Using NUA for RMD
I’m a 74-year-old (October) recently displaced employee (June) and am currently receiving severance pay, due to end in June 2025. The separation from service triggered the requirement to start receiving RMDs from my 401k, either one RMD this year and one next year, or delay until next year (since it’s my first) and receive two RMDs, with each RMD being roughly $75,000. With the single RMD and the severance pay, my income will be effectively double through 2025 when the severance ends. I’m trying to understand if using NUA to satisfy my RMD is a beneficial strategy for me. I’d appreciate any guidance. The current value of my employer stock is $207,687, cost basis $159,365, and net unrealized appreciation $48,322. Does it make sense to do a partial NUA transaction in the amount of my RMD this year, since I’ll be paying ordinary taxes on that amount anyway? I would lose the opportunity to take the remainder of the NUA since it has to be done in the same year, but if I delay until next year, the extra $150,000 would be a much bigger tax hit than the extra $75,000. Also, do I understand correctly that I would pay ordinary taxes on the cost basis of the stock and not on the RMD amount which is based on the current value? If so, doesn’t that mean the amount I would pay in taxes would actually be less than what I would pay if just taking the RMD and not using the NUA strategy?

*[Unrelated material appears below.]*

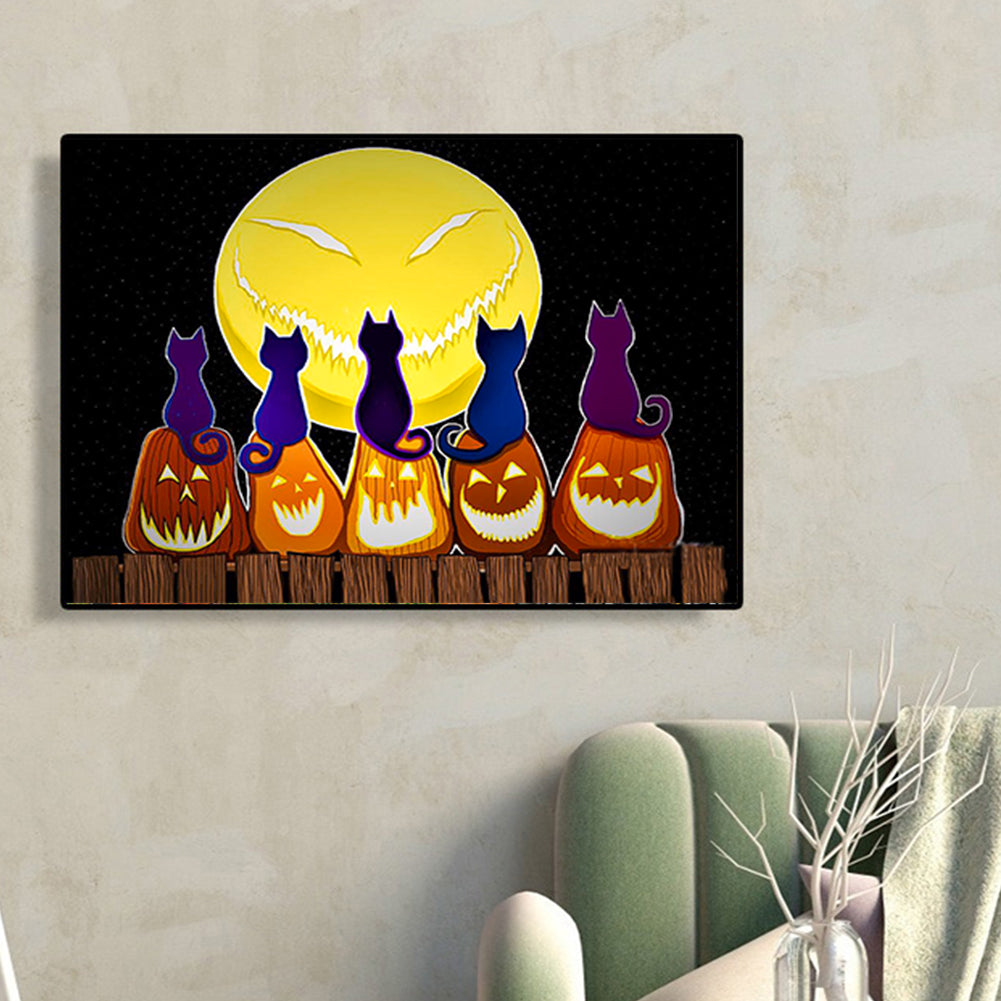 Moon Night Cat - Full Round Drill Diamond Painting 40*30CM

Permalink Submitted by Alan - IRA critic on Fri, 2024-11-15 19:33
The general plan of deferring the first RMD and doing an LSD in the second year to have the shares distribution satisfying both RMDs is beneficial. However, your cost basis for the shares is unusually high (76.7%), so even if you sold 28% of the shares in the plan, leaving about 150,000 of value to match the 2 year RMD amount, the taxable amount of those 2 RMDs would still be 115,000. and added to 5 months of severance.
You can defer all or part of the 2024 RMD, but you can only utilize NUA in the LSD year (2025) and therefore there is no option for a partial NUA in 2024.
Melding NUA with initial RMDs is complex, but would be even more so if you had any non Roth after tax balance in the plan.
There might also still be enough time to do the LSD this year, and apply it to the 75,000 2024 RMD, but if you wanted to keep the taxable cost basis low, you could sell 64% of the shares in the plan, which would reduce the value of the remaining shares to around 75,000, enough to satisfy the 2024 RMD.
Another thing to consider is that a qualified LSD for NUA purposes will require a total distribution from the 401k, with amounts in excess of the NUA shares rolled to an IRA. But passing on NUA would allow you to keep the 401k intact if you prefer to. The 401k RMD for 2024 could still be deferred entirely or partially to 2025 to limit your taxable income in 2024, which already will include 12 months of salary.
If you decide on NUA, you also need to determine when you will sell the distributed shares and pay the LTCG on those shares. You also might be exposed to IRMAA at this income level.
The amount of your salary in relation to the other income (12 months in 2024, 5 in 2025) will also affect the math.